YouTube - Creflo Dollar- Speaking Things into Existence 2

YouTube - Creflo Dollar- Speaking Things into Existence 3


----------



## LovingLady (Oct 16, 2010)

YouTube - Creflo Dollar- Speaking Things into Existence 4

YouTube - Creflo Dollar- Speaking Things into Existence 5

YouTube - Creflo Dollar- Speaking Things into Existence 6

YouTube - Creflo Dollar- Speaking Things into Existence 7


----------



## LovingLady (Oct 16, 2010)

YouTube - Creflo Dollar- Speaking Things into Existence 8

YouTube - Creflo Dollar- Speaking Things into Existence 9

YouTube - Creflo Dollar- Speaking Things into Existence 10

I pray that this will bless and guide someone. :Rose:


----------



## Shimmie (Oct 16, 2010)

Thank you for sharing... :Rose:   

Oh........the power that God has given unto us with our 'words', and with His to back us up. 

Thank you Lord Jesus... Thank you forevermore.   We bless your Holy Name... and your Word! 

Amen and Amen.


----------



## paradise1975 (Oct 18, 2010)

Thank you for this on time post. I am calling those things that are not to be as though they were! Amen


----------



## Poohbear (Oct 18, 2010)

I don't see anything. I just see a blank area in all three posts. Did you post videos or something? If so, it must be taking my computer forever to load.


----------



## Chocolate_Silk (Oct 18, 2010)

I don't see anything either... Is it text?


----------



## Laela (Oct 18, 2010)

Thank you for posting the entire sermon...that's a good Word!


----------



## LovingLady (Oct 18, 2010)

paradise1975 said:


> Thank you for this on time post. I am calling those things that are not to be as though they were! Amen


 


Shimmie said:


> Thank you for sharing... :Rose:
> 
> Oh........the power that God has given unto us with our 'words', and with His to back us up.
> 
> ...


 


Laela said:


> Thank you for posting the entire sermon...that's a good Word!



You are welcome ladies.



Poohbear said:


> I don't see anything. I just see a blank area in all three posts. Did you post videos or something? If so, it must be taking my computer forever to load.





Chocolate_Silk said:


> I don't see anything either... Is it text?
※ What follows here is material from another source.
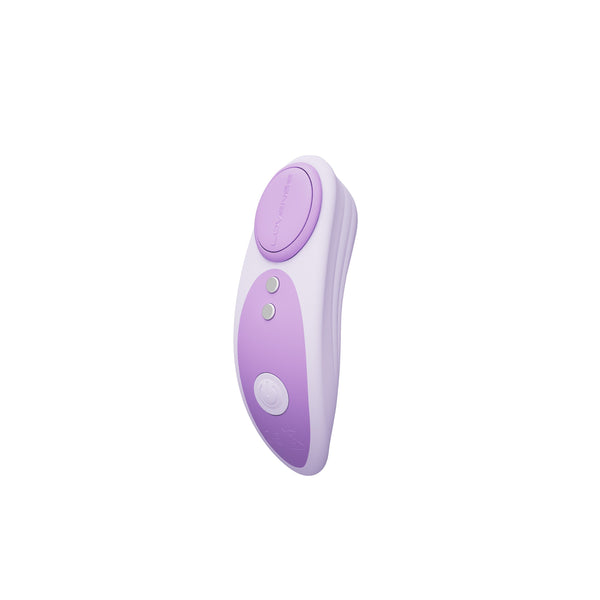 Side angle of Ferri Reserve lavender wearable vibrator showing control buttons and curved body shape
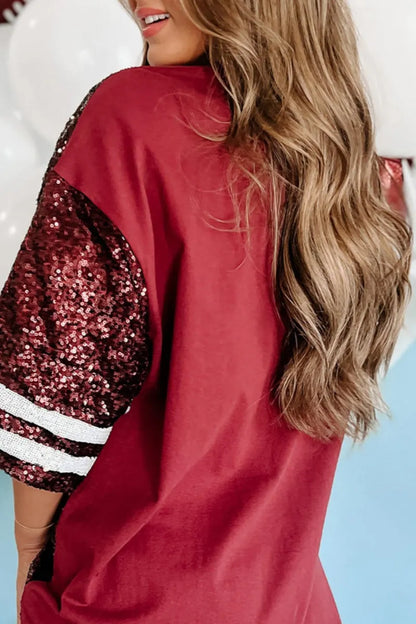Patchwork Sequins O Neck T-shirts(4 Colors)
I am sorry that you are not able to see it, I posted the entire sermon so that you can watch it from the board. Here is the link to the video.


----------



## Chocolate_Silk (Oct 19, 2010)

Thank you!!


----------



## LovingLady (Dec 11, 2010)

This morning I woke up thinking to myself, "how does satan how so much power . . . and do we (God's children) have any power as well?" Then God told me that we do and then I remembered listening to different sermons on the matter.  

In the Off Topic section there is a thread that just started today called " Quantum Science - We can LITERALLY think things into existence?". I automatically thought of the thread I made (this one) and what Creflo Dollar said. God gave us different abilities but people that don't believe in His are reaping the benefits. We have to do better ladies. Stop telling yourself that you can't have it. If you want it, you got it, as long as it is in God's will and we have faith. We can do this, we are made in God's image.


----------



## Guitarhero (Dec 12, 2010)

Abdijz said:


> We walk by faith, not by sight. A lot of you are letting the situations around you bring you down. *All of you are strong and blessed, don't allow the enemy to stop you. We are able to do exceeding and abundantly all things through him that lives in us. I order for this to happen we need to have faith.
> *
> God has lead me to this sermon by Creflo Dollar and it has blessed me tremendously. *Whatever is going on in your life is subject to change.* We need to have faith that the situation will change and speak it into existence. Out of the heart the mouth speaks, if you say things will never change then it never will, when you declare victory in the name of Jesus nothing can stop you.
> 
> This is a 10 parts series so get comfortable, grab some chocolate ice cream, and prepare to be blessed by the Word of God.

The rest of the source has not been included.